_Exercise requirements:_
Copy task. Retype the whole listing exactly, omitting any picture in it.

##### Input data

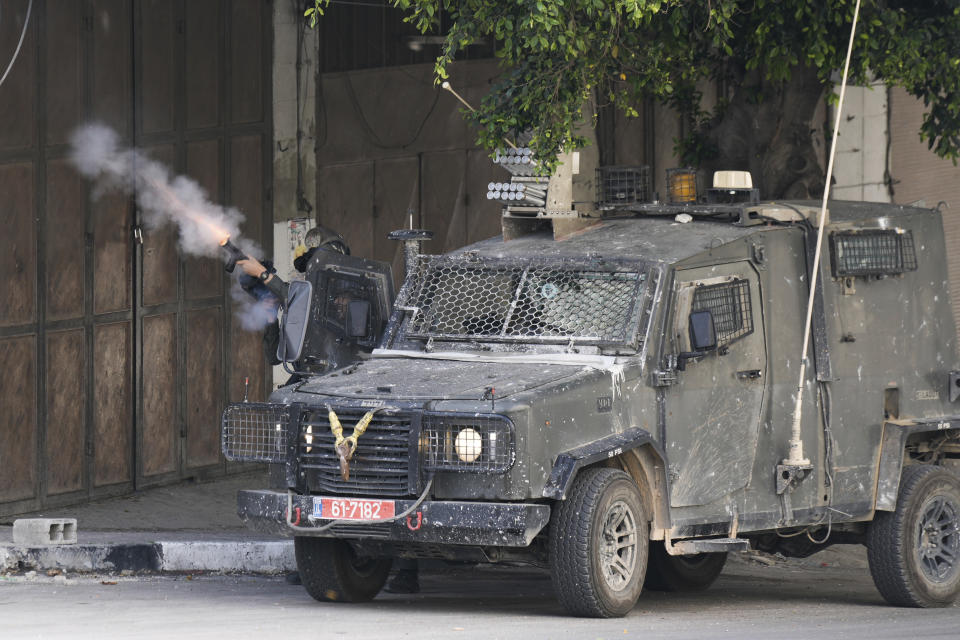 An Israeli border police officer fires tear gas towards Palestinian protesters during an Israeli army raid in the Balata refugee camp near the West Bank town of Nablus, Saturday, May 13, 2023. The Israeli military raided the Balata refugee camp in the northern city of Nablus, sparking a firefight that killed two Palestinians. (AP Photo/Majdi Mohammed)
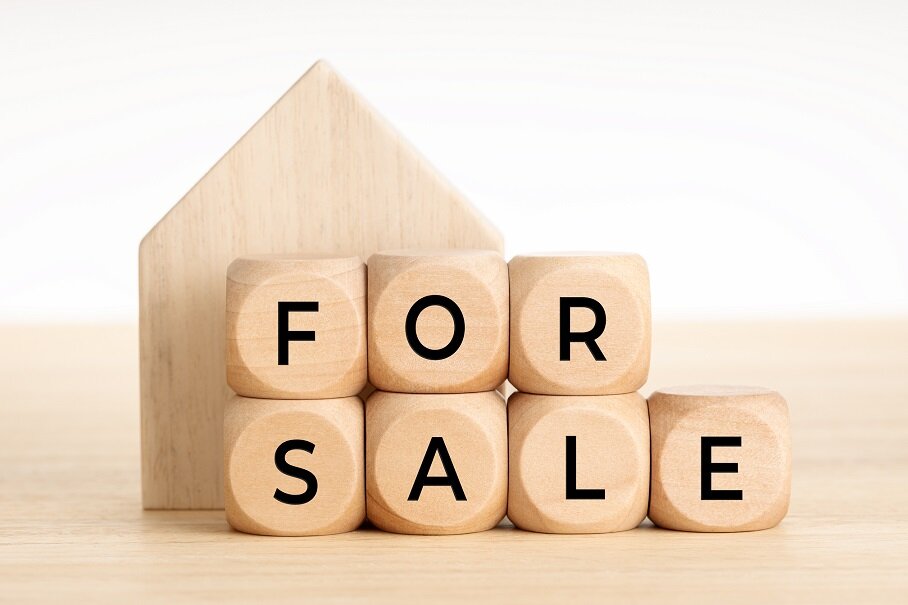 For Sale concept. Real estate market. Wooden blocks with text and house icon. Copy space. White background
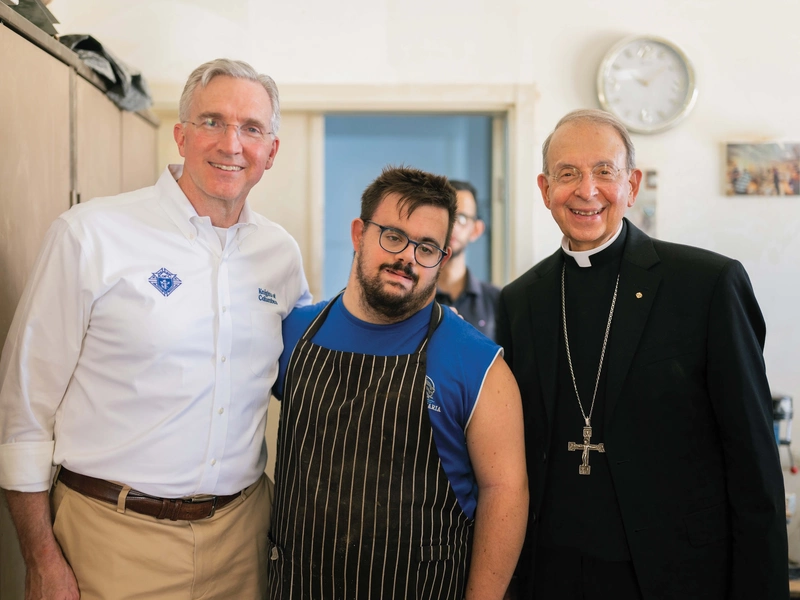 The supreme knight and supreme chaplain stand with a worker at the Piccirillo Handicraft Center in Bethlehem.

##########

_Result for this task:_
 An Israeli border police officer fires tear gas towards Palestinian protesters during an Israeli army raid in the Balata refugee camp near the West Bank town of Nablus, Saturday, May 13, 2023. The Israeli military raided the Balata refugee camp in the northern city of Nablus, sparking a firefight that killed two Palestinians. (AP Photo/Majdi Mohammed)
 For Sale concept. Real estate market. Wooden blocks with text and house icon. Copy space. White background
 The supreme knight and supreme chaplain stand with a worker at the Piccirillo Handicraft Center in Bethlehem.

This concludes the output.